(Source records)
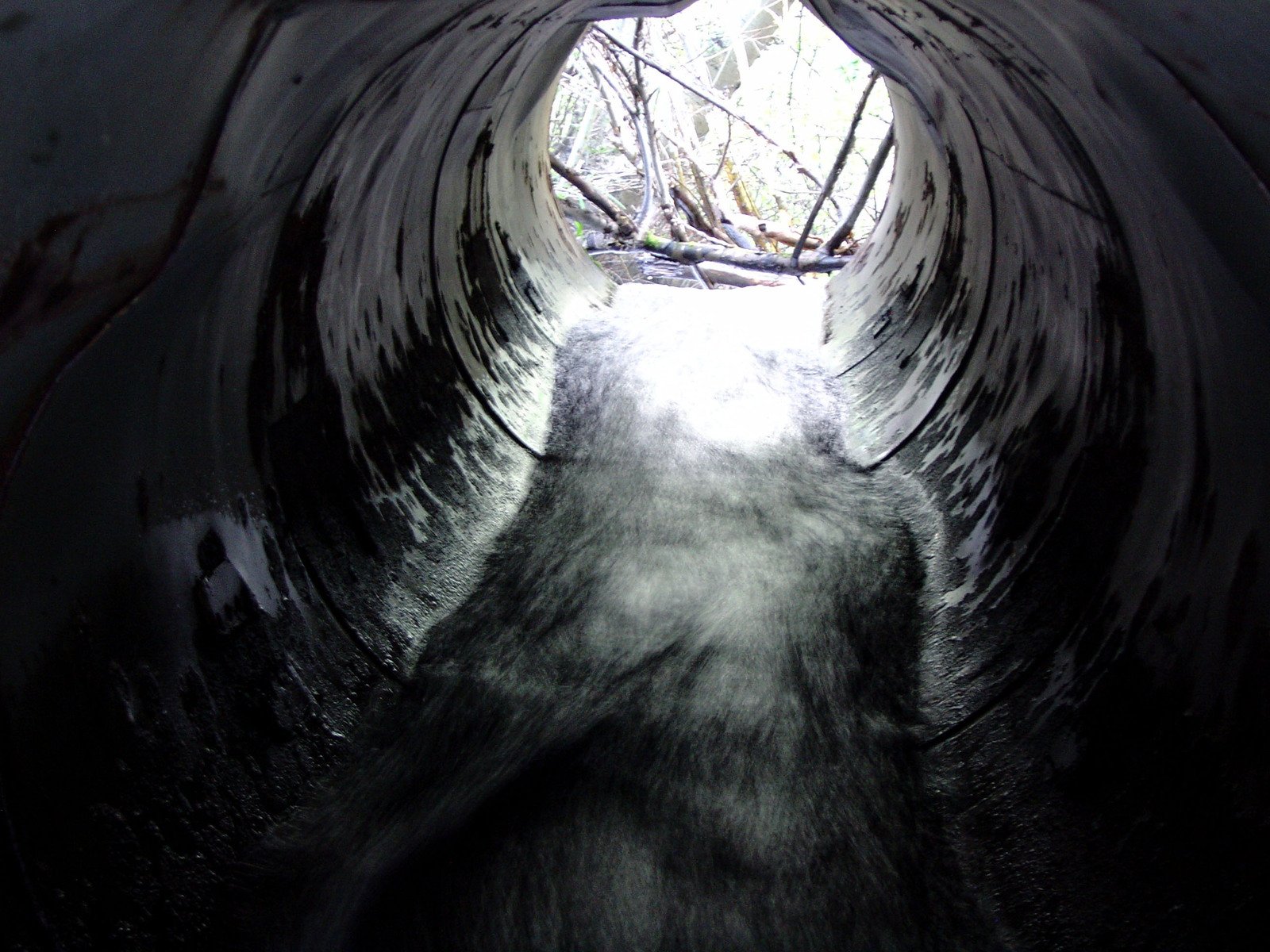 a view looking up through a tube in a concrete structure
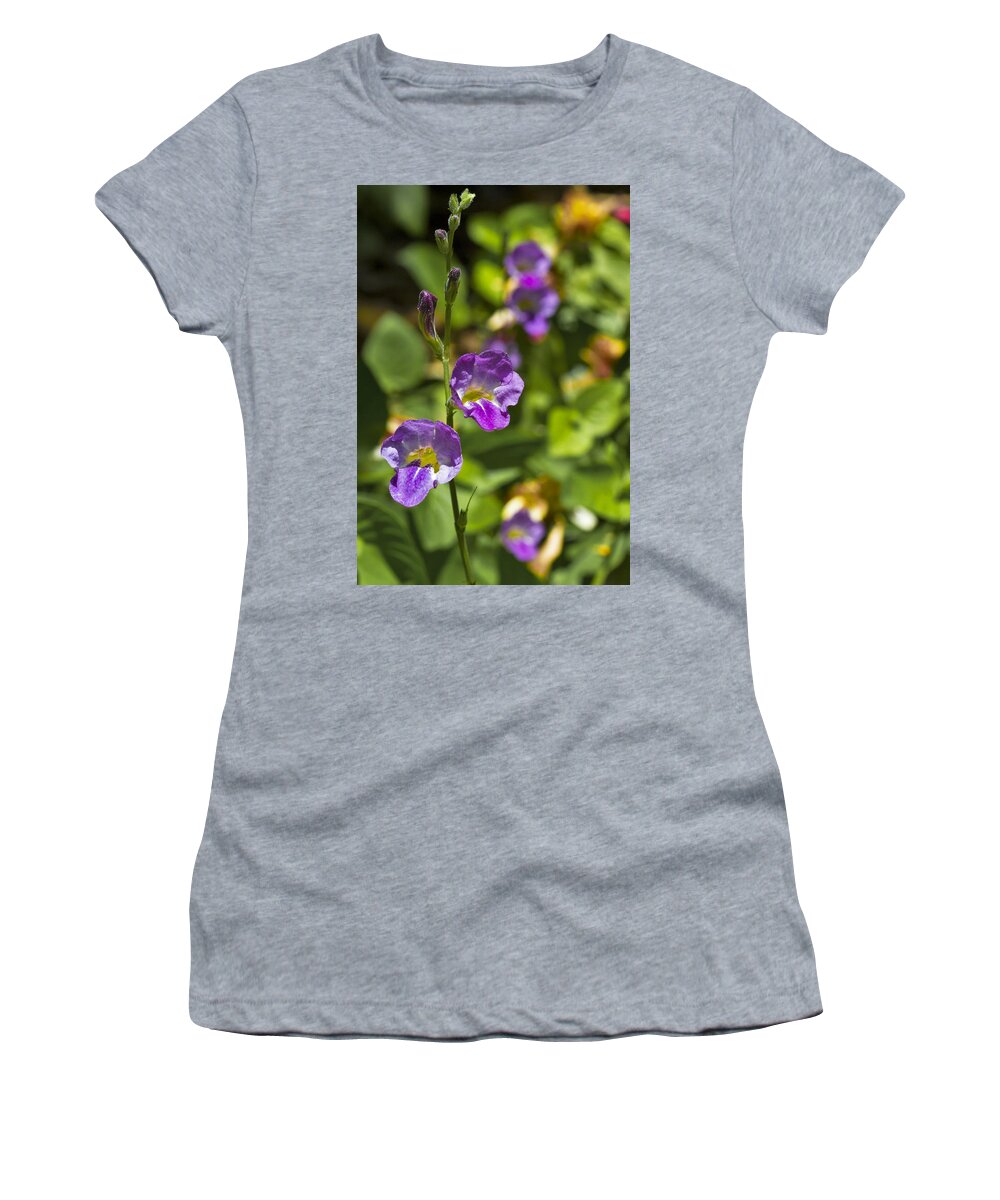 Stem Women's T-Shirt featuring the photograph Purple Flowers 2 by Bob Slitzan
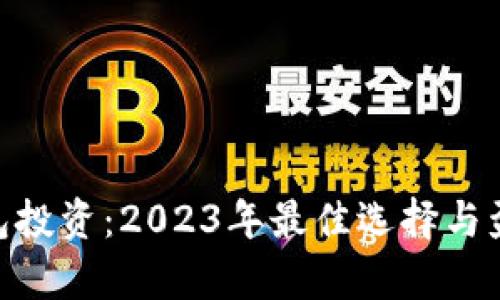 riaoti冷钱包投资：2023年最佳选择与盈利潜力分析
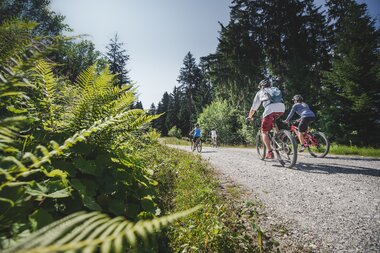 Family riding mountain bikes on a forest trail in a natural landscape, surrounded by trees and green vegetation. | © Mia Maria Knoll 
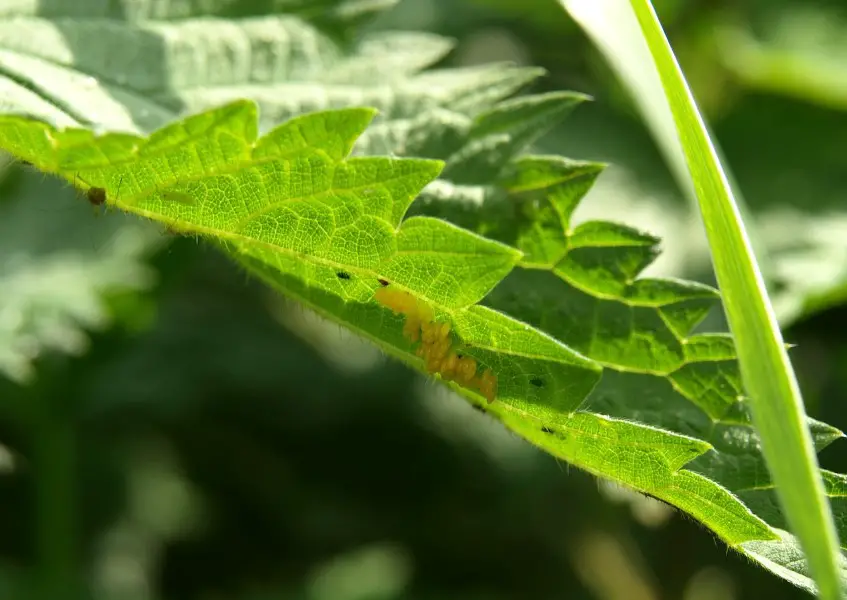 ladybird eggs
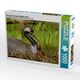 Thumbnail-4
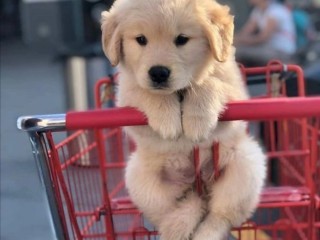 Cuccioli Golden Retriever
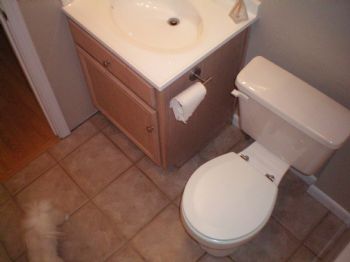 rach55aa profile photo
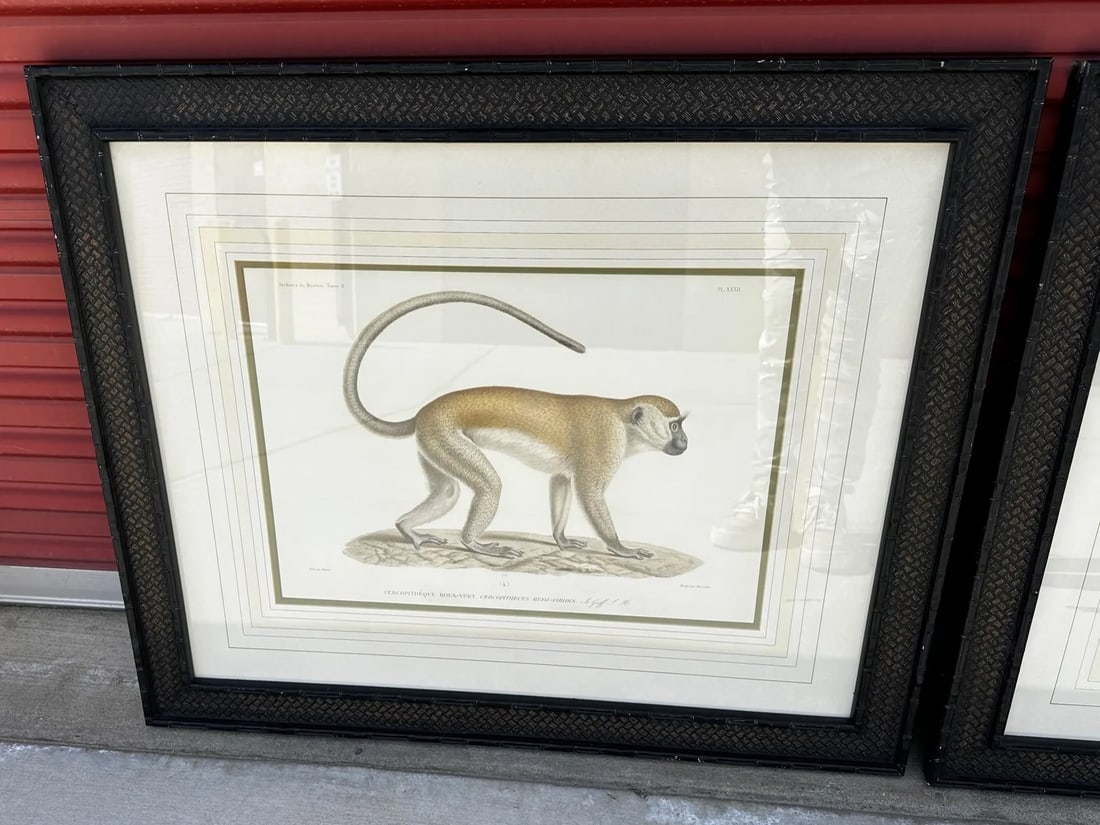 Soicher Marin Pair of Monkey Prints - 4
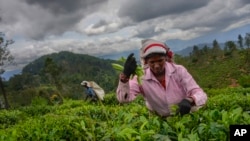 A woman tea plantation worker plucks tea leaves at an estate in Badulla, Sri Lanka, Tuesday, Sept. 10, 2024.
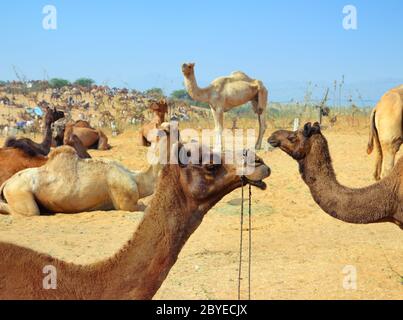 Groupe de chameaux au cours de festival à Pushkar Banque D'Images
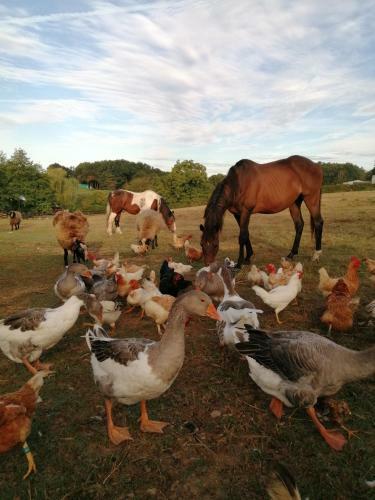 Bed & Breakfast Domaine De La Castagn�re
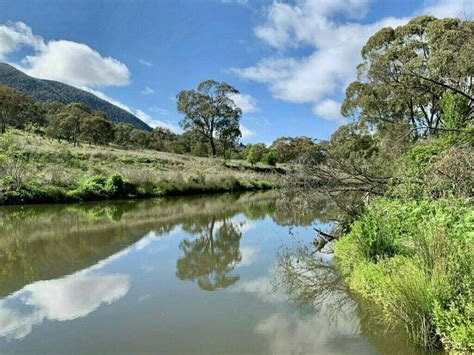 Photo monitoring your restoration project – a guide for landholders – Rivers of Carbon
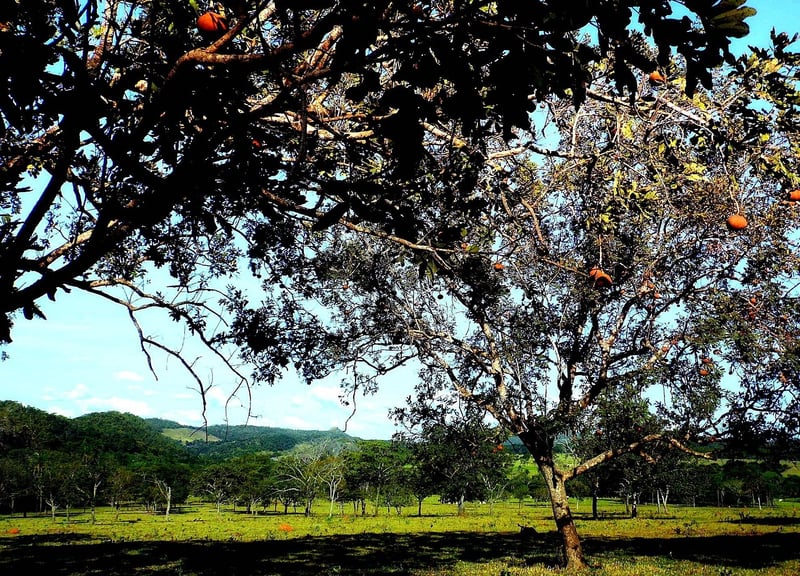 L’importance de la biodiversité dans le développement durable
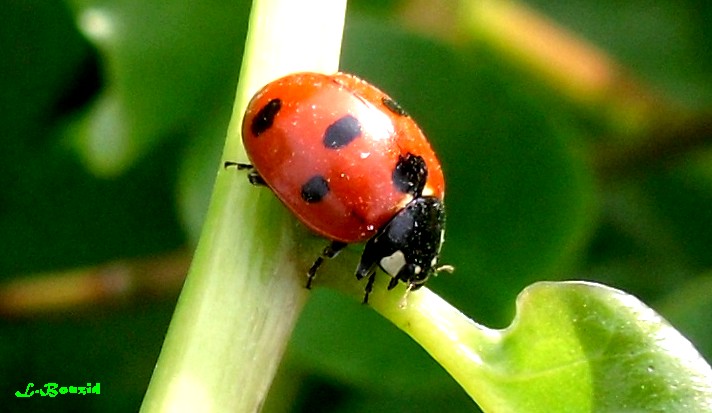 Coccinelle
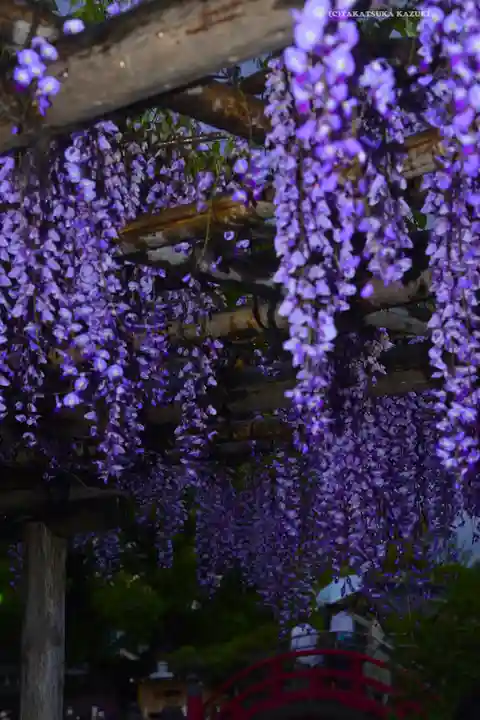 亀戸天神社(東京都)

Work instruction - Set down nothing but the lines from the one containing "Cuccioli Golden Retriever" to the final line above, both included, with every picture left out.

Exercise solution -
 Cuccioli Golden Retriever
 rach55aa profile photo
 Soicher Marin Pair of Monkey Prints - 4
 A woman tea plantation worker plucks tea leaves at an estate in Badulla, Sri Lanka, Tuesday, Sept. 10, 2024.
 Groupe de chameaux au cours de festival à Pushkar Banque D'Images
 Bed & Breakfast Domaine De La Castagn�re
 Photo monitoring your restoration project – a guide for landholders – Rivers of Carbon
 L’importance de la biodiversité dans le développement durable
 Coccinelle
 亀戸天神社(東京都)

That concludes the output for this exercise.